Natural Language Semantic Search

Inspiration

Most search systems are based on full-text search. This is generally okay for open domain search (Google) and provides a smooth experience. For closed-domain search, like searching for a particular activity or restaurant, the search criteria might be more complicated. The user might not be aware of the available search criteria, or may not be sure of what they are looking for. In addition, not all users are proficient in using search system, for example: Elderly People. It is more possible to improve user experience for search by letting the user expressing their query in Natural Language. Using state-of-the-art machine learning, natural language processing and recent concepts of bot frameworks (DialogFlow), it is possible to uncover the semantics behind a user query with reasonable accuracy.

What it does

The user can write or speak their query in natural language: For example "I want to find locations near Shinjuku". The system will set the appropriate search criteria and show results.

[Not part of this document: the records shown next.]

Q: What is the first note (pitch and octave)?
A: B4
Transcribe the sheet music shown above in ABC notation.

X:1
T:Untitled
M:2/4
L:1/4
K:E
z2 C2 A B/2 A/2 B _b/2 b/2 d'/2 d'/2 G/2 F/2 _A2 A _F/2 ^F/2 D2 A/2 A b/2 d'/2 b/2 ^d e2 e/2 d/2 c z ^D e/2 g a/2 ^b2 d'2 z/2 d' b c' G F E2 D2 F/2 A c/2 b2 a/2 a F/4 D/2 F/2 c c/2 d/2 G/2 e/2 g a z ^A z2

The system is fully trainable with custom intents, and possible to train interactively. It is possible to understand intent behind more ambiguous queries like "I am feeling stressed today". The system will then return results related to the concept "Relaxation".

How we built it

We built a simple trainable Natural Language Understanding (NLU) engine that can uncover intents and entities from a given user query. The intents and entities are extracted via a supervised model trained from labeled data. The information from the NLU engine is used to control a demo search interface we created. The relation between NLU results and search criteria are defined in another module call Semantic Search. The Semantic Search module can be trainable or rule-based. The search interface uses a dataset of activities collected from Veltra and Similar sites. We also implemented the Search engine and User Interface.

Challenges we ran into

We are a small team so we had to define roles and and project milestones early and stay focused. Our team consists of a Data Scientist, Front-end Engineer and a Business Associate. Since the project had multiple areas that required equal attention (Data Science, Front Eng, Server Infrastructure, UX and UI Design, Training data collection, Project Management), It was challenging to focus on different thing at once and set priorities. We feel we were able to pull through smoothly.

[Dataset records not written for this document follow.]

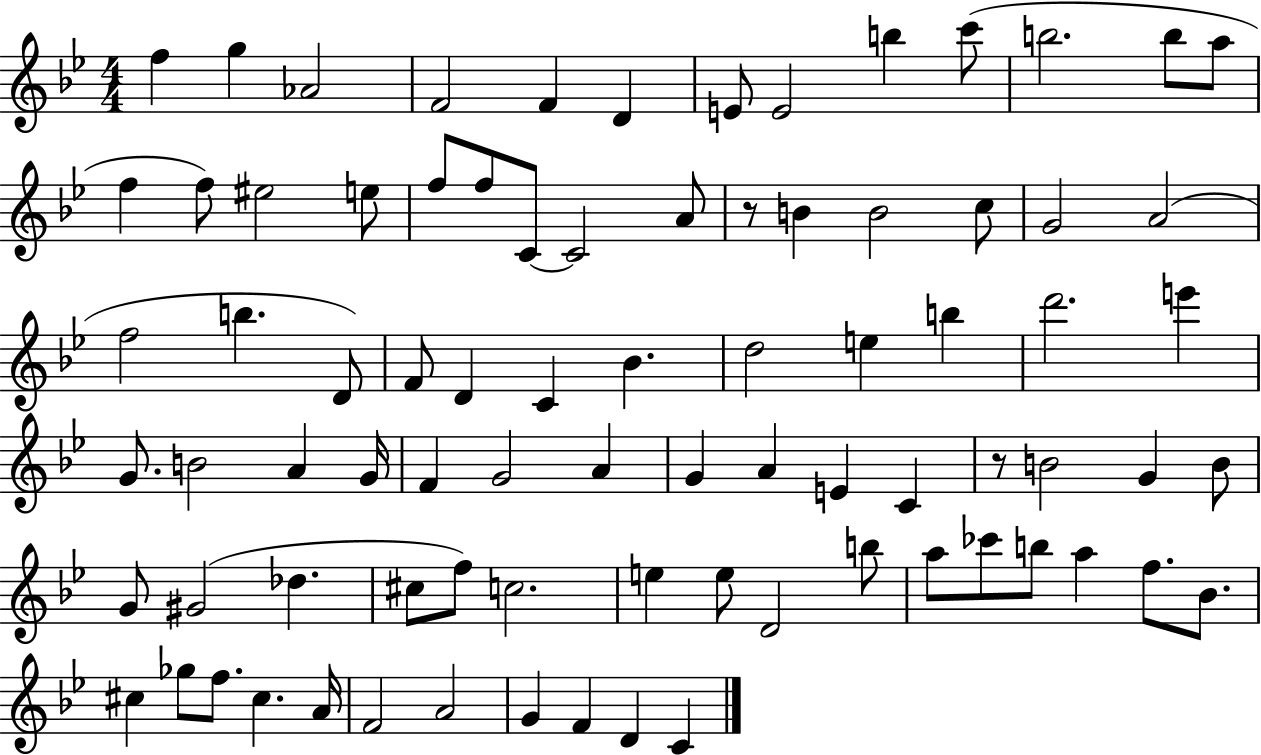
X:1
T:Untitled
M:4/4
L:1/4
K:Bb
f g _A2 F2 F D E/2 E2 b c'/2 b2 b/2 a/2 f f/2 ^e2 e/2 f/2 f/2 C/2 C2 A/2 z/2 B B2 c/2 G2 A2 f2 b D/2 F/2 D C _B d2 e b d'2 e' G/2 B2 A G/4 F G2 A G A E C z/2 B2 G B/2 G/2 ^G2 _d ^c/2 f/2 c2 e e/2 D2 b/2 a/2 _c'/2 b/2 a f/2 _B/2 ^c _g/2 f/2 ^c A/4 F2 A2 G F D C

Accomplishments that we're proud of

Developed a Natural Language Understanding DialogFlow, (Microsoft LUIS) framework from scratch in two days. We can use it to train and infer our own Entity and Intent recognition models. It can support English, Japanese, Chinese and other languages. We hacked the RASA traning example annotation tool (https://github.com/RasaHQ/rasa-nlu-trainer) to collect examples collaboratively. We will integrate this into our search system and add a training button. This will allow us train our model interactively. Defined intents and entities specific to our use case, collected training data, and trained a sample NLU model.

What we learned

I am a Data Science person, but I learned more about User Experience and UI Design from this project. Also by working closely with a Front-end engineer I learned more about integrating ML models with web services and front-end smoothly. My team members also learned more about Machine Learning from me. More importantly, we learned about time management and collaboration.

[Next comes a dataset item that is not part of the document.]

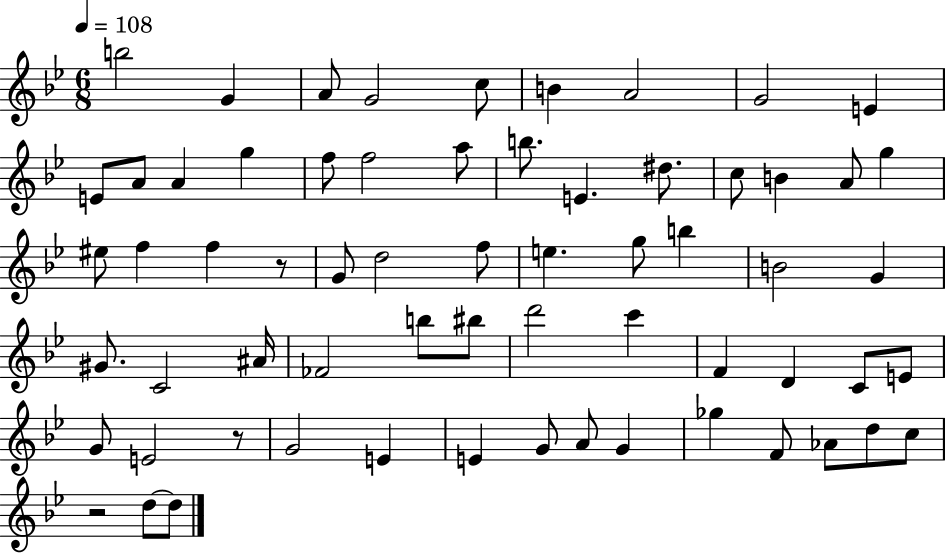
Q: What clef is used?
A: treble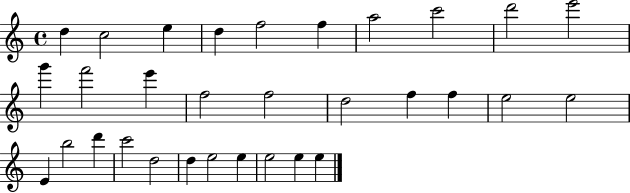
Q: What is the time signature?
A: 4/4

What's next for Natural Language Semantic Search

Currently, by performing unsupervised clustering on the search contents, we can show "similar" or "related" to the current results. As an future step, we can use latent models to uncover semantic attributes from to our search contents. For example, attributes indicating whether the content is Touristy or Cultural, Exciting or Relaxing, Cold or Warm. By training a model to connect user expressed "Intents" to such latent attributes, we can deliver a true semantic search experience.

In our engine we are free to integrate any state-of-the-art Deep Learning or Machine learning model to improve accuracy.

Instead of Entities and Intents, use information more complex semantic models like Dependency Parsers.